The shift to a unified system platform, using SimCorp Dimension, came to take half the decade. No surprise so far, it was all in the plan.
“In 2015 we had a very fragmented IT infrastructure. A lot of systems were developed in-house, typically developed over short time or to fix a certain issue. Though the intention was a short-term solution, they had then stayed on and become key parts of our operations,” says Arne Martin – adding the reflection that a lot of people could probably recognise themselves in that type of situation.
”Best-of-breed” not deemed the best
One of the strategic road forks was whether to go for a range of different best-of-breed systems for various parts of the operation – and enable workflows by connecting them – or whether it would be better to turn to a provider of a broad platform with pre-established integration between the parts.
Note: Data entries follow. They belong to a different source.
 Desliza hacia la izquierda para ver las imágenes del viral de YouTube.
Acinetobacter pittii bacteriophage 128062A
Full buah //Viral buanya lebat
While Arne Martin Moen stresses that there is no general answer to which of the two is best, Storebrand’s assessment led it onto the latter path: the big package. The aim of reducing complexity had the upper hand – and while he does not seek to push a single vendor, he considers it a strength when providers can offer the full front-to-back scope.
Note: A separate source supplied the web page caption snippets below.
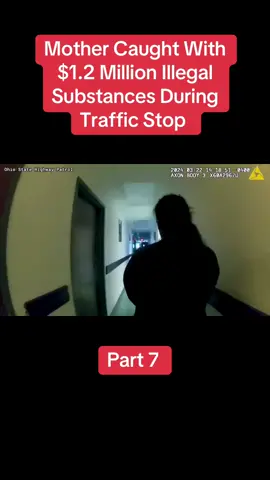Mother Caught Traveling With $1.2 Million Worth of Illegal Substances  #trafficstop #cop #mother #fyp #viral #usa #copsoftiktok 
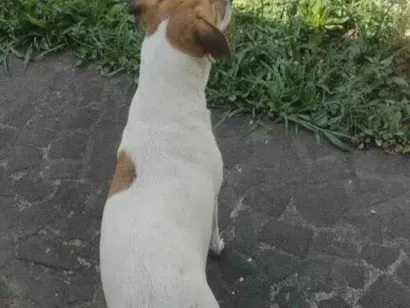 Cachorro raça SRD-ViraLata idade 4 anos nome Kakau e Marrie 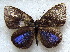  ( - MLIB-1833)  @11 [ ] CreativeCommons - Attribution (2015) Michel Libert Centre for Biodiversity Genomics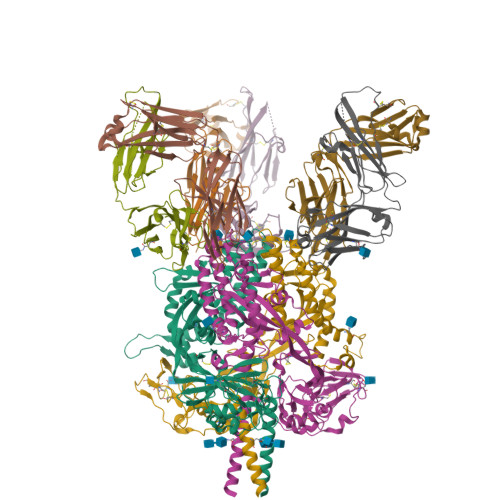 RCSB PDB - 6T3F: Crystal structure Nipah virus fusion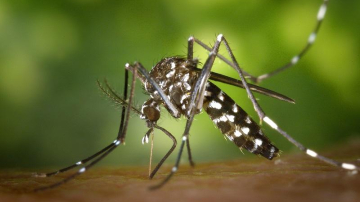 Țânțarul-tigru, cel care transmite virusul Zika și Febra Galbenă, a apărut în Constanța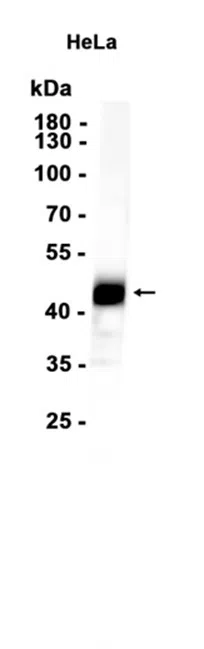 COUP TF1 Rabbit Monoclonal Antibody - Size: 50µl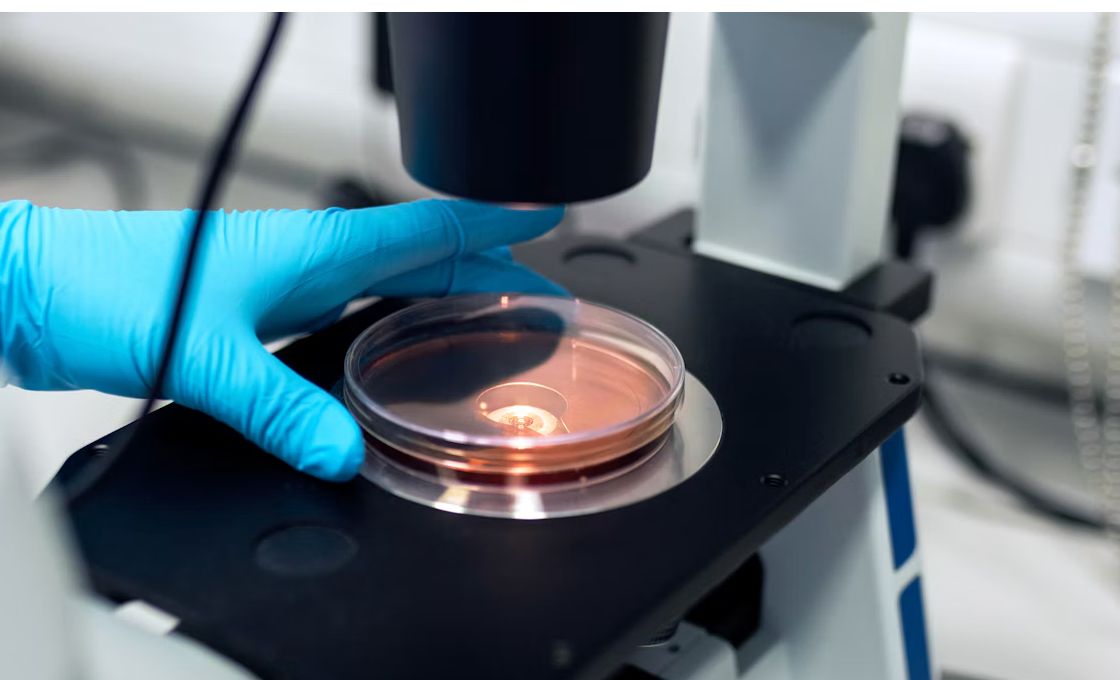 A stem cell scientist observes cultured cells under a microscope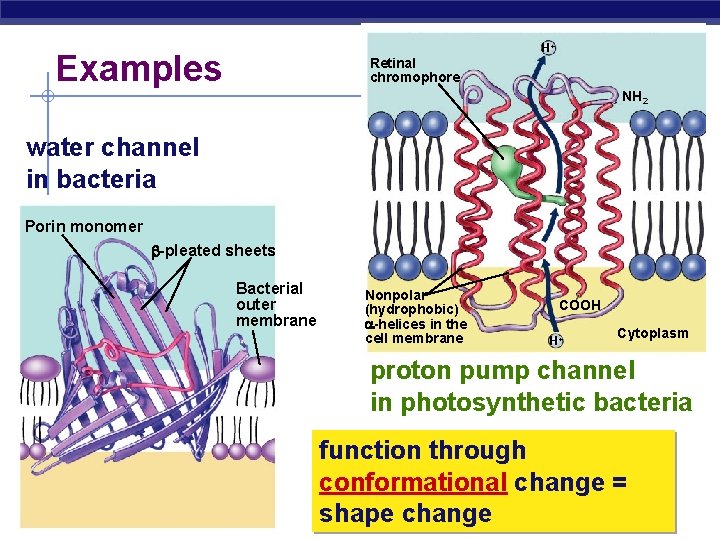 H+ Examples Retinal chromophore NH 2 water channel in bacteria Porin monomer b-pleated sheets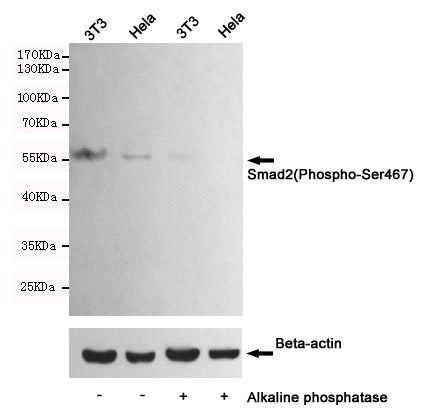 Anti-Phospho-Smad2 (Ser467) Rabbit Polyclonal Antibody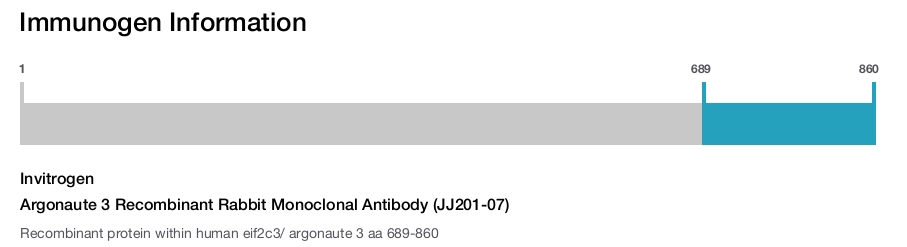 Argonaute 3 Recombinant Rabbit Monoclonal Antibody (JJ201-07)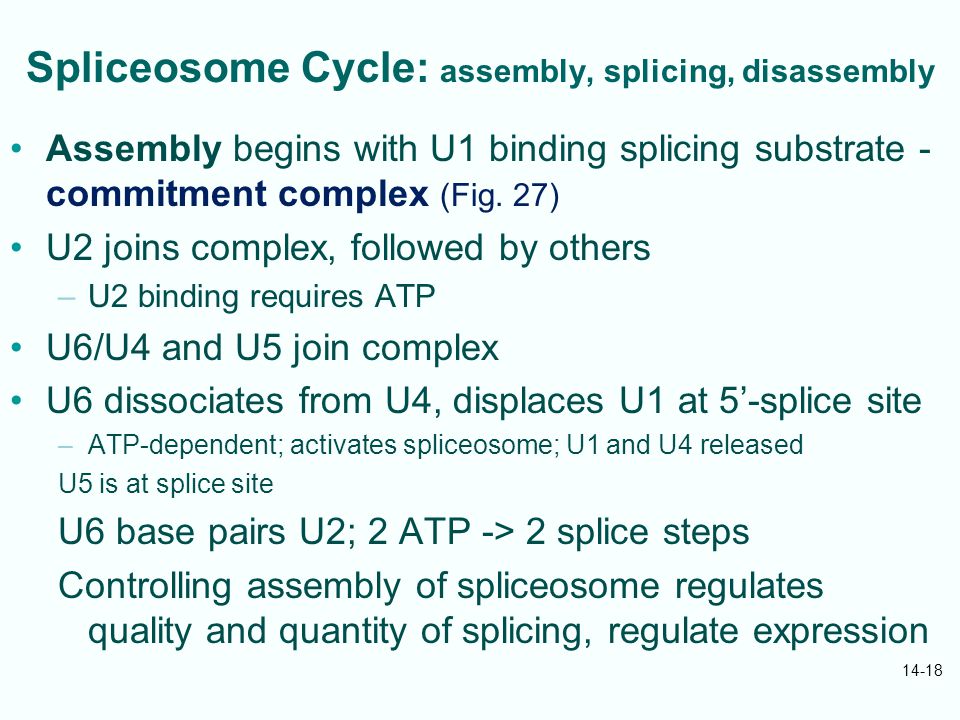 Chapt. 14 Eukaryotic mRNA processing I: splicing Student learning outcomes:  Explain that eukaryotic mRNA precursors are spliced by a lariat, branched  intermediate. - ppt download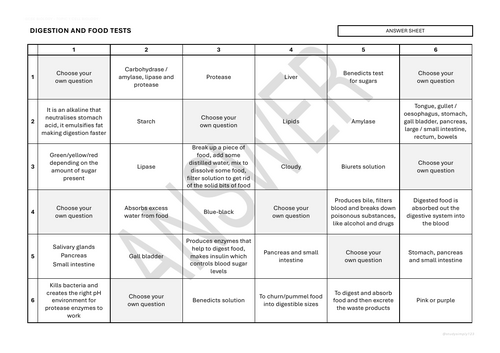 B2 Food Tests, Digestion & Enzymes Challenge Grid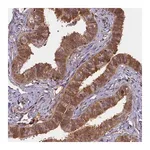 Merck Anti-BICD1 antibody produced in rabbit
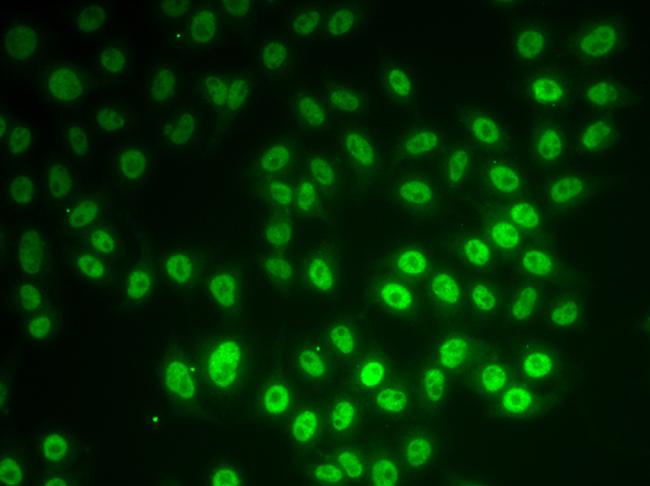 SNRPD1 Antibody in Immunocytochemistry (ICC/IF)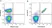 Anti Human CD31 Antibody, clone WM59 thumbnail image 77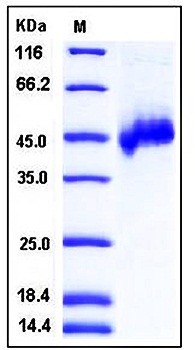 SDS-PAGE analysis of Human NETO1 His tag protein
“We had been using SimCorp Dimension as our investment book of records and portfolio management system for more than 15 years, and wanted to build a scalable platform from that base,” Arne Martin Moen tells.
“So we formed an enterprise strategy and had to align the whole organisation to comply. We decided that all long-term projects should be centred around the Dimension solution: we should always look to Dimension first. If it doesn’t offer a solution, the business case for buying any best-of-breed system outside it must be very strong.”
A long road – one step at a time
“We have a very strong project management department and together with key employees in all parts of the organisation we were able to deliver on this rather ambitious strategy by taking one step at a time.”
“Being honest about the trade-offs from the beginning will really help you when things start going wrong down the line.”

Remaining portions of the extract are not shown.